== Provided data ==
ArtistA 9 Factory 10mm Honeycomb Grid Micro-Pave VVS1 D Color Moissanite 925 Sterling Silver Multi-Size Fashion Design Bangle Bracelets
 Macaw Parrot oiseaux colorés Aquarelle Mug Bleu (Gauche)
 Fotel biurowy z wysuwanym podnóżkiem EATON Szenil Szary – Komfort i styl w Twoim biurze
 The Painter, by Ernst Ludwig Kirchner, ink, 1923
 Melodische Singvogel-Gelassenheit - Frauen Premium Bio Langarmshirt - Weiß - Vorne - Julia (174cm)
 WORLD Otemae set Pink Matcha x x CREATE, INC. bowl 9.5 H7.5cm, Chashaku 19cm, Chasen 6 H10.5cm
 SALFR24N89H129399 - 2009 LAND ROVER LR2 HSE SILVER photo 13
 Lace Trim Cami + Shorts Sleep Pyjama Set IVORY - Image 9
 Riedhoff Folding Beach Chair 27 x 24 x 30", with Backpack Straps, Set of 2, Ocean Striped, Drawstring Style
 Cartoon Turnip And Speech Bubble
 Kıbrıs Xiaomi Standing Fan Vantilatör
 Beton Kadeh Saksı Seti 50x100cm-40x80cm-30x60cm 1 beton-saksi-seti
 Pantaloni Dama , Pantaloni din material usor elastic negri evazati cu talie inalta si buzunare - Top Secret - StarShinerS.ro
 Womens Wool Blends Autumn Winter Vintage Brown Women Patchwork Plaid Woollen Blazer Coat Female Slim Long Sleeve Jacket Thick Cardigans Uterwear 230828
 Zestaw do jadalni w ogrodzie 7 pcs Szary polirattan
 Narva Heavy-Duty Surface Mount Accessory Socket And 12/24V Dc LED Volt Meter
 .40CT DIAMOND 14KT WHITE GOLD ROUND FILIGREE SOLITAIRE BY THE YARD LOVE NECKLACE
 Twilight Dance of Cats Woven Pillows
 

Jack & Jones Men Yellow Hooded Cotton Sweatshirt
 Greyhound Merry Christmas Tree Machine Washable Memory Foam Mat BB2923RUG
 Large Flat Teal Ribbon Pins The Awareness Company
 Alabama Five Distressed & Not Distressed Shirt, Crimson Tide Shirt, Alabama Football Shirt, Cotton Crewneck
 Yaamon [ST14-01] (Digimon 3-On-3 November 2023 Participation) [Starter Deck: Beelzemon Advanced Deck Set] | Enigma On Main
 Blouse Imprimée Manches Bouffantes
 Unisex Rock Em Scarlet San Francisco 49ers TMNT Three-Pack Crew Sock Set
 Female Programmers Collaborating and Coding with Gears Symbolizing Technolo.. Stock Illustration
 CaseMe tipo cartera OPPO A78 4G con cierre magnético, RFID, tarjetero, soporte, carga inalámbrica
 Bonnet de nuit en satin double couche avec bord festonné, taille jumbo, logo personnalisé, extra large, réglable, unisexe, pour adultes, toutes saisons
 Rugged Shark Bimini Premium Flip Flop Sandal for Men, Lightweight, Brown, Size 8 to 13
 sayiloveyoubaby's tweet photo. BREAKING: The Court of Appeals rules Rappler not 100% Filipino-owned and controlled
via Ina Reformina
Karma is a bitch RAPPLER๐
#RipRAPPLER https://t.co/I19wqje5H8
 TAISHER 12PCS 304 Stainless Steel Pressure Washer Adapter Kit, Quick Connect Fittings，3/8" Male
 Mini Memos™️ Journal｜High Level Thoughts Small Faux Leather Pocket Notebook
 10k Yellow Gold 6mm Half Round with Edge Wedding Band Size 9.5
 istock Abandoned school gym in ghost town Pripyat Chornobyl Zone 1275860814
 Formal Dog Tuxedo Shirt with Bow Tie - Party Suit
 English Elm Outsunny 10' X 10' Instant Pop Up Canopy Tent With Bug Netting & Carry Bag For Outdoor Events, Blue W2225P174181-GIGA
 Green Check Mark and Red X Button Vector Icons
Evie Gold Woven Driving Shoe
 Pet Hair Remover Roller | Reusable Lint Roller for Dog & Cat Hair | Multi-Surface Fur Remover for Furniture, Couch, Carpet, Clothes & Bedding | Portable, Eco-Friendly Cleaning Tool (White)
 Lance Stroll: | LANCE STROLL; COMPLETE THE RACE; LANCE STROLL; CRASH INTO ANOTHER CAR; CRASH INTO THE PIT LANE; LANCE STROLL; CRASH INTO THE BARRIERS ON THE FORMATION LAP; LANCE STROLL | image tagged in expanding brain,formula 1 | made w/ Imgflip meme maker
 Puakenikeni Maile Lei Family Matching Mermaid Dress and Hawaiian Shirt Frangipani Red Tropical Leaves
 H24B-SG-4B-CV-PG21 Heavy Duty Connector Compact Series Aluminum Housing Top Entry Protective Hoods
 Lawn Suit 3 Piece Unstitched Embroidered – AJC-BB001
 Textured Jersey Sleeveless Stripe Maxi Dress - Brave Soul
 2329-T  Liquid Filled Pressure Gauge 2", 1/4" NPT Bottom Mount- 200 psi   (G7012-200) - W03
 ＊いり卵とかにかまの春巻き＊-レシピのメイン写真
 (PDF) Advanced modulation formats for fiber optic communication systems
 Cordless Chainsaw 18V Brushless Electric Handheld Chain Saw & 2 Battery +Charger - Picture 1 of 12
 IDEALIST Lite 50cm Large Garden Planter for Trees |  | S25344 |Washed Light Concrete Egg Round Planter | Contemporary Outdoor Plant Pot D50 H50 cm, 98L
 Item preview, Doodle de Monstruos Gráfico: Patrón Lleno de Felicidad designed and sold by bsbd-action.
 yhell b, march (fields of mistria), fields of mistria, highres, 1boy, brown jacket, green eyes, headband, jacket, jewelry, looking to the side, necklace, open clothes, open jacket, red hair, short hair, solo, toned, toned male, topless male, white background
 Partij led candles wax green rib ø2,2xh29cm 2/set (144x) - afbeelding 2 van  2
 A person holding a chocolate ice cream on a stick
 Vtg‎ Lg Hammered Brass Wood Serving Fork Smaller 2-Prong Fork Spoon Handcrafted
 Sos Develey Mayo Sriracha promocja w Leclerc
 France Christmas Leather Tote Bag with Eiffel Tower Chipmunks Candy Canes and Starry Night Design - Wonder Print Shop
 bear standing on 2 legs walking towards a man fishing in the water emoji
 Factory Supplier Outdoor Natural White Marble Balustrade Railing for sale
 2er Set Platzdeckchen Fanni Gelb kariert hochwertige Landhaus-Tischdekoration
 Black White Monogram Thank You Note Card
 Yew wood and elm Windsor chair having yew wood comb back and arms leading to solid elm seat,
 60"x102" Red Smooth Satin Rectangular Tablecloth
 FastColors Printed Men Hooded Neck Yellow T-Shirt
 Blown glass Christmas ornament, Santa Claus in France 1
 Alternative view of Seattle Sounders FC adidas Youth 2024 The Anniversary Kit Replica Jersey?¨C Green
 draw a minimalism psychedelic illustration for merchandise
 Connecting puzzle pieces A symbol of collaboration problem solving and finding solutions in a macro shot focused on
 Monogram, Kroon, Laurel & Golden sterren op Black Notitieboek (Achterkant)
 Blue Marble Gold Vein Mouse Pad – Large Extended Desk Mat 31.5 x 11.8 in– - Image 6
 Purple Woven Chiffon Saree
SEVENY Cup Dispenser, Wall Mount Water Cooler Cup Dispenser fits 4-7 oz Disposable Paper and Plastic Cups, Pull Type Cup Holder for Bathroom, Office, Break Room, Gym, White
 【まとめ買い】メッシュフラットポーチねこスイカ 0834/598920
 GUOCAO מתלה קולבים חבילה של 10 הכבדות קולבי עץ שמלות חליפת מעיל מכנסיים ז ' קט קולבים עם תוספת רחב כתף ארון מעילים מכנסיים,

== Activity ==
All lines above from the one holding "Lace Trim Cami" to the one holding "Twilight Dance of Cats Woven Pillows", inclusive, are to be copied exactly; no other line is wanted.

== Output of the exercise ==
 Lace Trim Cami + Shorts Sleep Pyjama Set IVORY - Image 9
 Riedhoff Folding Beach Chair 27 x 24 x 30", with Backpack Straps, Set of 2, Ocean Striped, Drawstring Style
 Cartoon Turnip And Speech Bubble
 Kıbrıs Xiaomi Standing Fan Vantilatör
 Beton Kadeh Saksı Seti 50x100cm-40x80cm-30x60cm 1 beton-saksi-seti
 Pantaloni Dama , Pantaloni din material usor elastic negri evazati cu talie inalta si buzunare - Top Secret - StarShinerS.ro
 Womens Wool Blends Autumn Winter Vintage Brown Women Patchwork Plaid Woollen Blazer Coat Female Slim Long Sleeve Jacket Thick Cardigans Uterwear 230828
 Zestaw do jadalni w ogrodzie 7 pcs Szary polirattan
 Narva Heavy-Duty Surface Mount Accessory Socket And 12/24V Dc LED Volt Meter
 .40CT DIAMOND 14KT WHITE GOLD ROUND FILIGREE SOLITAIRE BY THE YARD LOVE NECKLACE
 Twilight Dance of Cats Woven Pillows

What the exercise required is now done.